You’re totally allowed to use S = {0,1,2,3} as the sample space if you only record the number of heads; the catch is that those four outcomes aren’t equally likely. What you’ve really done is “merge” the 8 equally likely sequences into 4 buckets: 0 comes from {TTT} (1 way), 1 from {HTT, THT, TTH} (3 ways), 2 from {HHT, HTH, THH} (3 ways), and 3 from {HHH} (1 way). So the correct probabilities on {0,1,2,3} are P(0)=1/8, P(1)=3/8, P(2)=3/8, P(3)=1/8, and then P(at least one head)=1−P(0)=7/8. A sample space doesn’t have to have equally likely outcomes to be “correct,” and it doesn’t have to list the most detailed outcomes either; you just need mutually exclusive, exhaustive outcomes with the right probabilities. In math-speak, you can think of “number of heads” as a random variable on the detailed space, and when you switch to its values {0,1,2,3}, the probabilities come along by summing over the sequences that map there (the binomial counts C(3,k)). Your tree diagram instinct was spot on: the groups are different sizes, which is exactly why the probabilities on {0,1,2,3} aren’t 1/4 each. Same story for the sum of two dice: {2,…,12} is a fine sample space, but the probabilities are uneven (1,2,3,4,5,6,5,4,3,2,1 over 36).

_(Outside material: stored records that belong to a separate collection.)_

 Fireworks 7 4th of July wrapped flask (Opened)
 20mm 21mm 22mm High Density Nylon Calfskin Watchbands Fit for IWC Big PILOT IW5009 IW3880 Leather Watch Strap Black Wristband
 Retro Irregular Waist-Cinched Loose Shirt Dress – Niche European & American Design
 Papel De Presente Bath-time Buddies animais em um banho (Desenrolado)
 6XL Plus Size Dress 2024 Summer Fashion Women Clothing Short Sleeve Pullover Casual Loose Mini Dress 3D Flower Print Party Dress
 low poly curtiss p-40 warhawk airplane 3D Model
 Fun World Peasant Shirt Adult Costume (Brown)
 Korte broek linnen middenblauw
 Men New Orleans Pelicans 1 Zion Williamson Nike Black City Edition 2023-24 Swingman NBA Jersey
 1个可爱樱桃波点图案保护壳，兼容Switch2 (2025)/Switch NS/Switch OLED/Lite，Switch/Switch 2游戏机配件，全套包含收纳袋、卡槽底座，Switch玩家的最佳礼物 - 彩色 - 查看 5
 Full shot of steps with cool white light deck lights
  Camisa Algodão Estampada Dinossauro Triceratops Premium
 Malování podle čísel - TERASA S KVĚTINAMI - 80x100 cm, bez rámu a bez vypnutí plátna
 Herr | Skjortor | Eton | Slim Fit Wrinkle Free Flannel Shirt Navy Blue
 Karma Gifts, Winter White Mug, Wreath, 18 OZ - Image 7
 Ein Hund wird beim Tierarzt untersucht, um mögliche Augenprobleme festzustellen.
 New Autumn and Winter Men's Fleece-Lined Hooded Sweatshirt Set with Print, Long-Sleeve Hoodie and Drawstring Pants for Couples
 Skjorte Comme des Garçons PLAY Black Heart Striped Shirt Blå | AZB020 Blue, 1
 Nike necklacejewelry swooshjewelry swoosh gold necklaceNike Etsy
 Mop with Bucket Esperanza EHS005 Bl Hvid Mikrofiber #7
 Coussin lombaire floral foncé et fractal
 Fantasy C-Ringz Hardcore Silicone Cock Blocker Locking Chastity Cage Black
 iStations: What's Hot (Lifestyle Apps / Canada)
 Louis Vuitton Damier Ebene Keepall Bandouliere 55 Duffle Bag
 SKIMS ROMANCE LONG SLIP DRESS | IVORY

Tiny analogy: it’s like scooping a handful of mixed candy and then only caring about the color-if there are more red pieces in the bag, “red” won’t be a 1/4 chance just because there are four colors; it depends on how many actual candies got lumped into that color.
It’s totally fine to use S = {0,1,2,3}; just remember “number of heads” is a summary that many different flip-sequences can lead to-like several roads to the same cafe-so those four values aren’t equally likely, and their probabilities must be inherited from the 8 equally likely sequences. Worked example: 0 heads (TTT) = 1/8, 1 head (HTT,THT,TTH) = 3/8, 2 heads (HHT,HTH,THH) = 3/8, 3 heads (HHH) = 1/8, so P(at least one head) = 7/8.